Job Setting Description Options
Scan Frequency Indicates the scan frequency of the discovery job. On-demand
Daily
Weekly
Monthly
Sampling Depth Indicates the number of sampled rows. 100 (Recommended)
10, 30, 60, 100, 300, 500, 1000
Sampling Depth - Unstructured Data Applicable only to S3, the number of unstructured files sampled per folder. Skip, 10 files, 30 files, All files
Scan Scope Defines the overall scan scope of the target data source.
"Comprehensive Scan" means scanning all target data sources.
"Incremental Scan" means skipping data sources unchanged since the last data directory update.
Comprehensive Scan
Incremental Scan (Recommended)
Detection Threshold Defines the tolerance level required for the job.
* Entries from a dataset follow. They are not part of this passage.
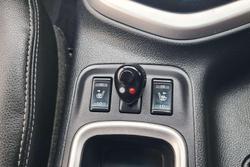 2020 Nissan Navara ST-X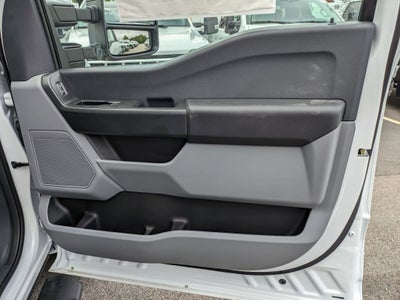 2025 Ford Super Duty F-350 DRW XL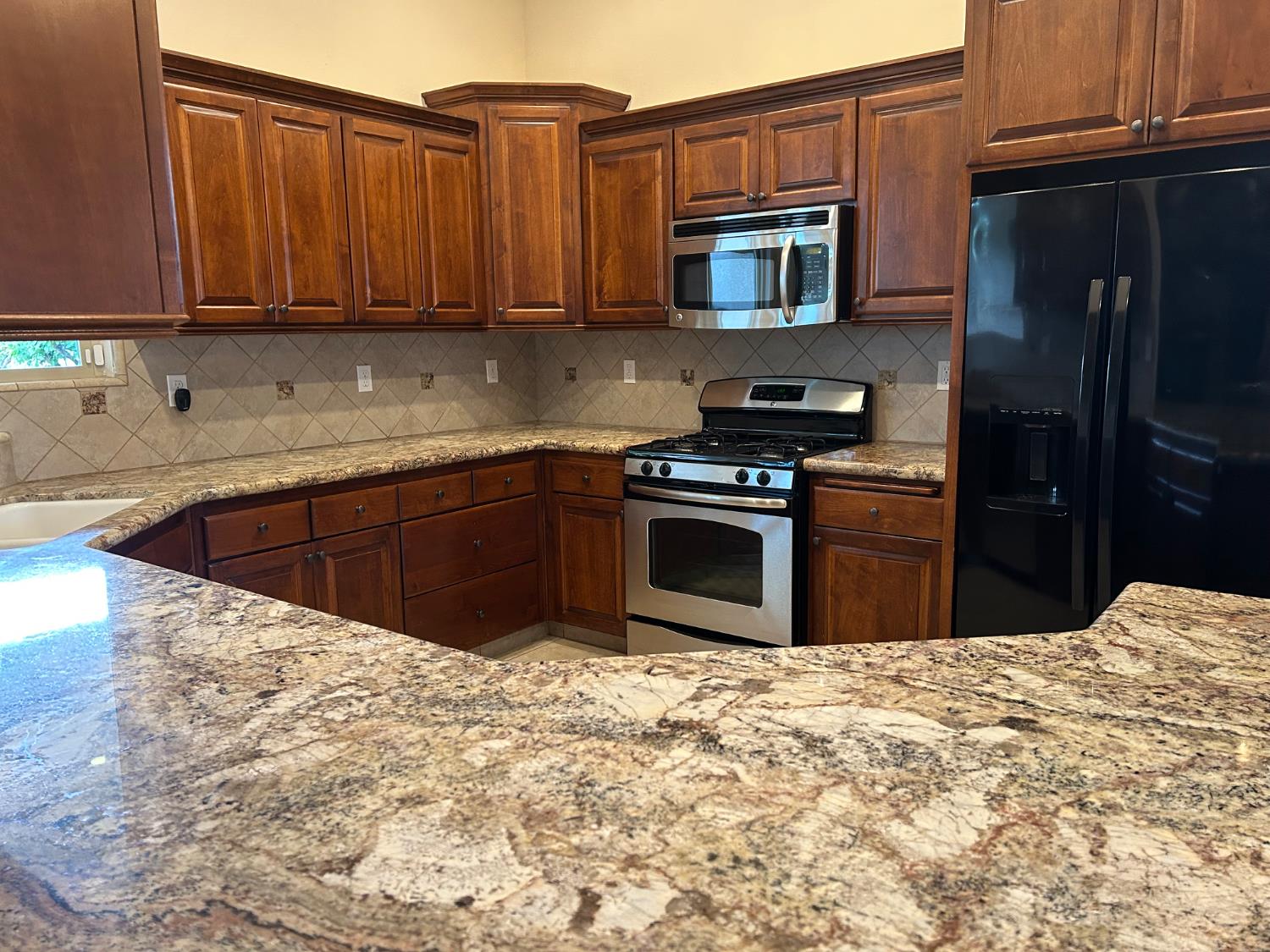 2877 23rd Ct, Kingsburg, CA 93631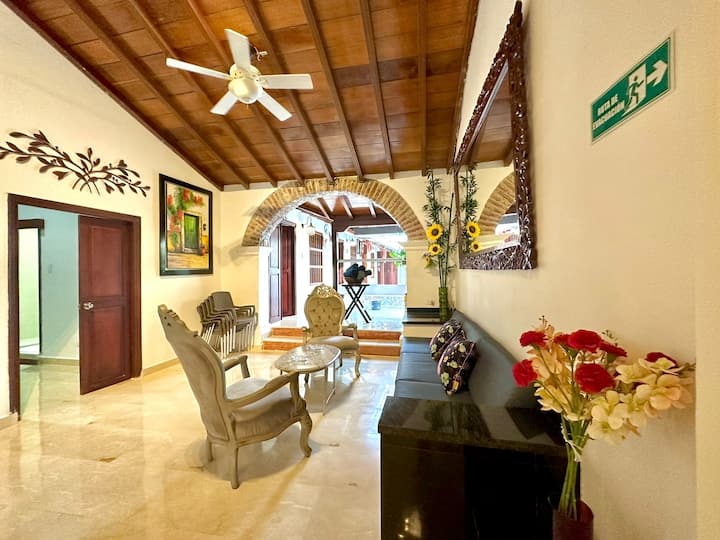 Beautiful 6 Bedroom House In The Old City - Cartagena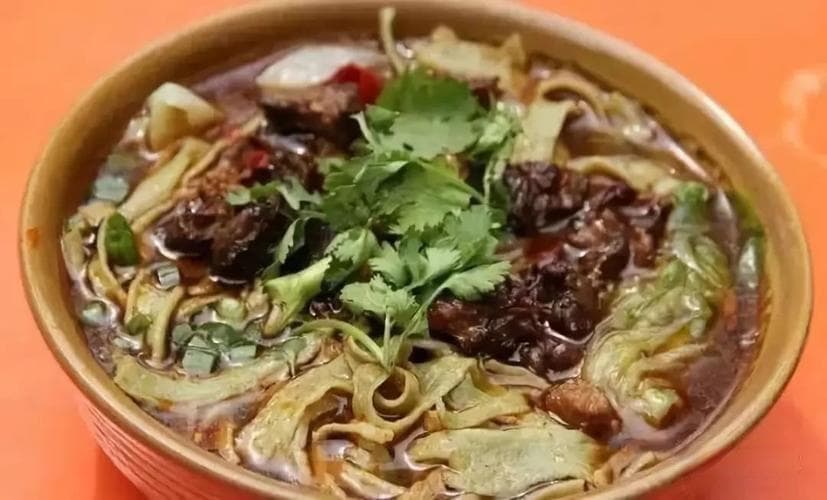 施秉县特色美食：黔东南地区的舌尖盛宴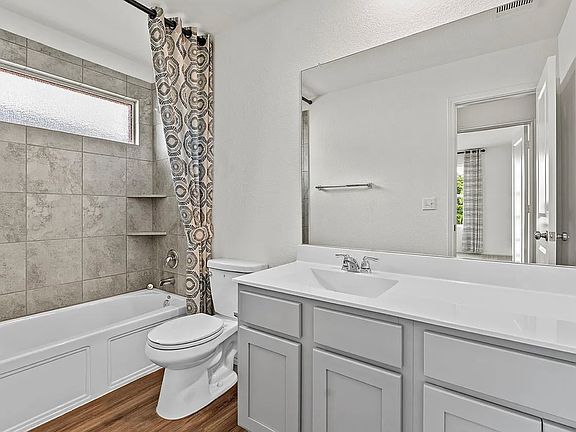 4th image of 156 Sky Meadows Cir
If the sampling depth is 1000 rows, a threshold of 10% means if more than 100 rows (out of 1000 rows) match the identifier rules, the column will be flagged as sensitive. A lower threshold indicates lower tolerance. 10% (Recommended)
20%
30%
40%
50%
100%
Overwrite Privacy Tags Manually Updated Choose whether to allow the job to overwrite data directory privacy tags with job results. Do Not Overwrite (Recommended)
Overwrite

Step 4: Advanced Configuration Items Step 5: Job Preview After previewing the job, select Run Job.


About Incremental Scan:

When choosing "Incremental Scan" in the job settings, the scan logic for S3 and RDS differs slightly as follows:

S3: When any changes occur in S3 objects, the incremental scan scans at the folder level.

  • Example: With 1 bucket and 3 folders, each containing a CSV file (with different schemas), if the schema of one folder's file changes, the job will only scan the CSV files in that folder during incremental scanning, skipping the other 2 folders.

  • Example: With 1 bucket and 3 folders, each containing a CSV file (with different schemas), if there are no schema changes but additional rows are added or any file updates occur in one folder, the job will only scan the CSV files in that folder during incremental scanning, skipping the other 2 folders.

RDS: Only when there are column-level changes in RDS tables does the incremental scan scan the table.

  • Example: With 1 RDS instance and 3 tables, if the schema of one table changes (adding or deleting columns), the job will only scan that table during incremental scanning, skipping the other 2 tables.
  • Example: With 1 RDS instance and 3 tables, if there are no schema changes but rows are added/deleted, none of these 3 tables will be scanned during incremental scanning.